I decided she just wasn’t used to it. We don’t spend a lot of time outside apart from our morning walks. I grilled the other day, and she stuck her head out her dog door, watched me for a moment, then ducked back inside. We don’t like the hot. So she didn't understand why were spending a Saturday morning sweltering in it.
At about that time, I reached the corner in my sidewalk and began to tug at the worst patch of weeds – tall, sticky, a bit thorny – that ants had built some sort of kingdom beneath. They scurried around, some a very pale color, others a darker red, while I yanked away the tall pillars of green around their mounded homes.
“Sorry, guys.” I told them, brushing them away from my legs. “Those weeds are ugly. You should go somewhere else.” Eventually there were so many of them that I had to stop. I was quite sweaty and dirty, had tired of Chienne’s increasingly irritated noises, and was starting to fear the ants a bit.
I got up and moved around the large piles of plant matter on my sidewalk toward Chienne as she wagged her tail.
“Hold on.” I said lightly, realizing I was a bit dizzy from the heat and exertion. Weeding can be surprisingly tough. “I just want to put all this stuff in the garbage bag while it’s still early. Then we’ll go in and be done for now.”
I filled up the bag with the dead parts of the purple flower plants, then stuffed copious amounts of sticky, buggy green plants in the bag. As I picked up, I noticed that a few weeds still marred the sections I’d already finished. So I found myself bent over in the mulch, still weeding, and Chienne sighed and sat down. I taught her that, I thought with a smile.
I like watching babies when they’re little. You can tell what they normally receive in terms of reactions from their parents since that tends to be what they offer other people. An example? My little cousin smiles all the time. Big, wide, easy grins because that remind me exactly of how her parents look at her. My other cousin – a big baby boy – makes faces. Arches his eyebrows and offers this quirk of the mouth that passes for a grin. His parents are equally loving, but provide him with different facial expressions to mimic. So while Chienne can’t mimic the way I smile and exclaim when greeting her every day, she does an excellent job with mirroring my sighs.
I think habits are interesting. I tend to sigh a lot – in irritation, pleasure, exhaustion. I walk the dog every morning. I work from home too much. I don’t weed my flower beds until they’re miserably ugly.
All of that’s fine. Habits can be broken or changed if need be. I can make sure to spend time in the office each day. I can spend time with my flower beds each week. Walk the dog in the evening if that’s more convenient. Sigh less and giggle more. It would be difficult for me to change some of my more ingrained behavior. But I recently started scraping my tongue after brushing my teeth – bought one of those special brushes from drugstore.com. It was weird at first, but now I love it. Can’t believe I went for so long without doing it.
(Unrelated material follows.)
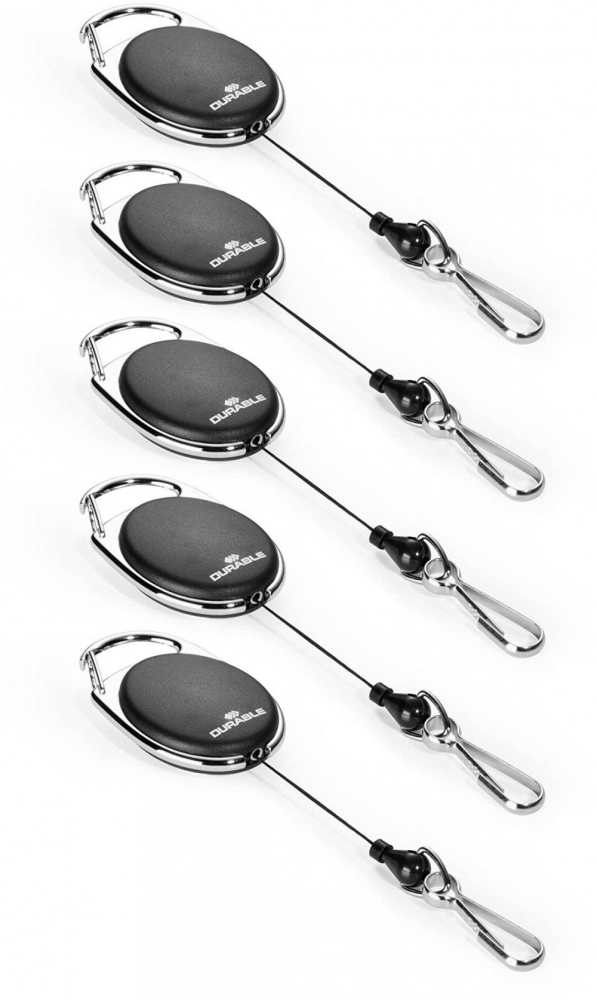 5x Mechanizm ściągający Durable Jojo Style, metalowe zapięcie - karabińczyk, linka 80cm, czarny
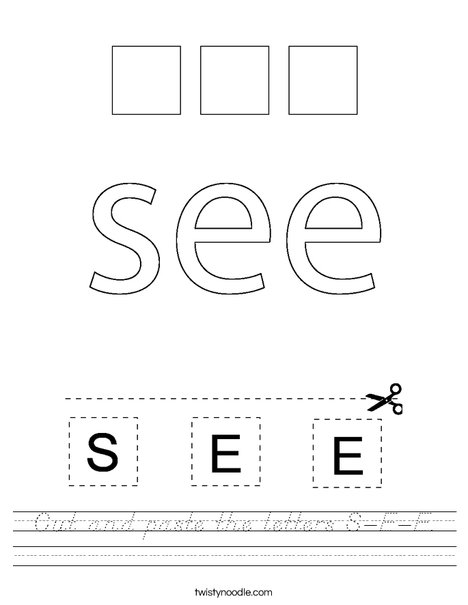 Cut and paste the letters S-E-E. Worksheet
The factor that struck me as I continued to pick up weeds until I found myself at the corner again, watching the ants busily moving about, brushing them away from the weeds I’d stolen from them and placing them in the bag with the rest of the trash, was that change doesn’t just affect me. Chienne expects to walk each morning. I’m granted between 15 and 30 minutes after waking before she starts to stare. Then whine. Then nudge me. Picks up a shoe and drops it. Sits impatiently at the door and sighs. My habit has become her habit and she’s in no mood to change it.
The ants had built a cool little community at the end of the flower bed. They had no expectation of those weeds coming up. After all, they’d been there for months now. Chances were that the area would continue to get overgrown and they could expand into a flower bed domination scheme. My impulse to fix the mess I’d left alone too long had severe consequences on the architecture of their major mound. It’s not fair – they didn’t do anything to deserve it. The weeds were honestly so long and dense that I didn’t really realize they were there. But day after day of walking past the icky landscaping had finally worn on me. I wanted it pretty again. So the ants are going to have to deal.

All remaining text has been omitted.